His second major criticism concerns bureaucracy. The proposed National Health Board becomes, in Sennholz’s account, the emblem of a transfer of authority from patients, doctors, and markets to appointed regulators. The board would define benefits, monitor compliance, set spending ceilings, judge quality, supervise alliances, and discipline prices.

To force compliance with their findings, the seven men and women will apply not only the corrupting power of the federal purse but also the brute power of federal judges.

The essay’s third element is its incidence argument: employer mandates cannot make benefits costless. If employers are required to pay premiums, Sennholz argues, workers ultimately bear the burden through reduced wages, higher prices, or lost jobs. This is one of the essay’s core economic claims, aimed at the political fiction that law can assign costs without altering employment and compensation.

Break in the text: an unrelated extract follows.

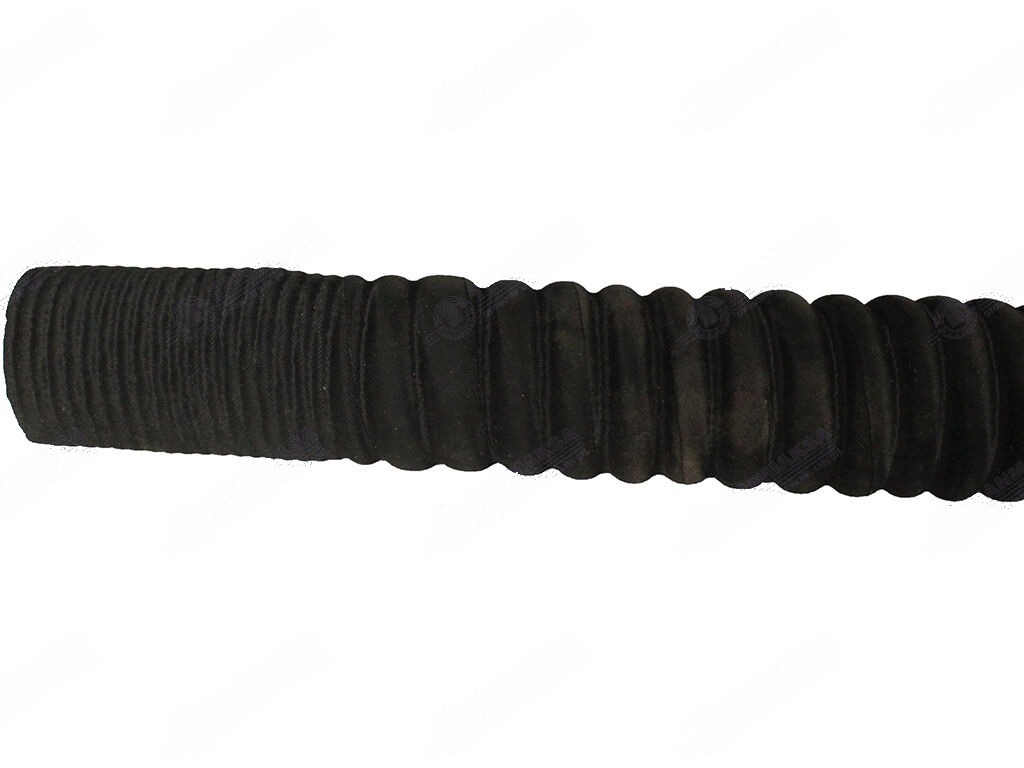 TD60-TD70 Hava Filtre Hortumu 2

In the end, every worker will pay one hundred percent of his insurance costs.

The closing question therefore returns to the essay’s opening thesis: health-care reform is not mainly about compassion or efficiency, but about coercion in the service of redistribution. Sennholz’s relevance lies in how sharply he captures the free-market critique of early-1990s health policy: universal coverage appears to him as the next stage in a century-long expansion of federal power, justified by crisis language and sustained by class conflict. Whether persuasive or not, the essay is a compact example of Austrian/libertarian political economy applied to the welfare state, arguing that entitlement politics converts social problems into permanent struggles over government force.